_INSTRUCTIONS FOR THE TASK_.
The reply should hold every entry exactly as written and none of the pictures.

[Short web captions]
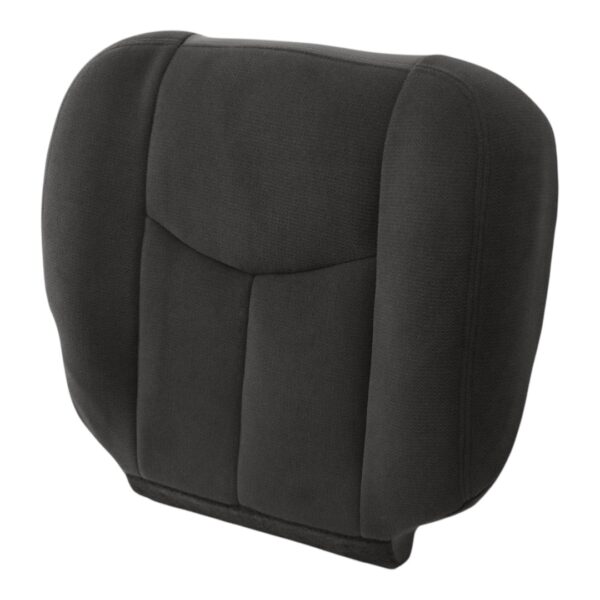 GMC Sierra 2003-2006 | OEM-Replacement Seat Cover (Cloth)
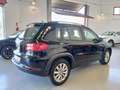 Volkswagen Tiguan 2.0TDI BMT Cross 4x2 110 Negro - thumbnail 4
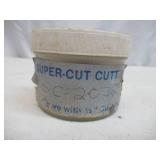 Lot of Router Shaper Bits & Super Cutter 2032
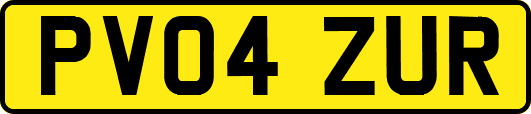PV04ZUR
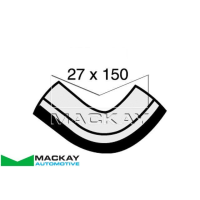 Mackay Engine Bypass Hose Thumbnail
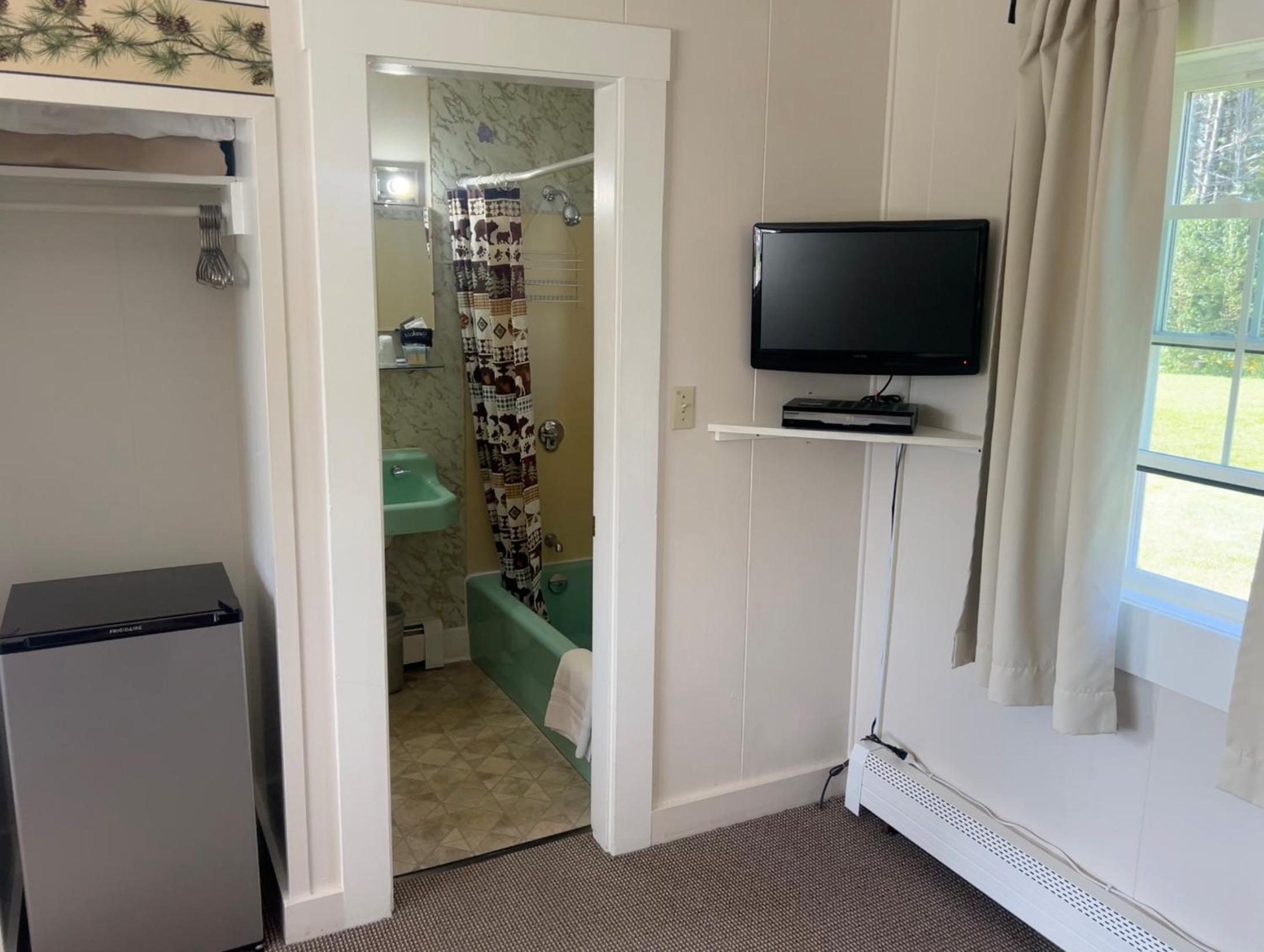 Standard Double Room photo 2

_WRITTEN ANSWER_.
 GMC Sierra 2003-2006 | OEM-Replacement Seat Cover (Cloth)
 Volkswagen Tiguan 2.0TDI BMT Cross 4x2 110 Negro - thumbnail 4
 Lot of Router Shaper Bits & Super Cutter 2032
PV04ZUR
 Mackay Engine Bypass Hose Thumbnail
 Standard Double Room photo 2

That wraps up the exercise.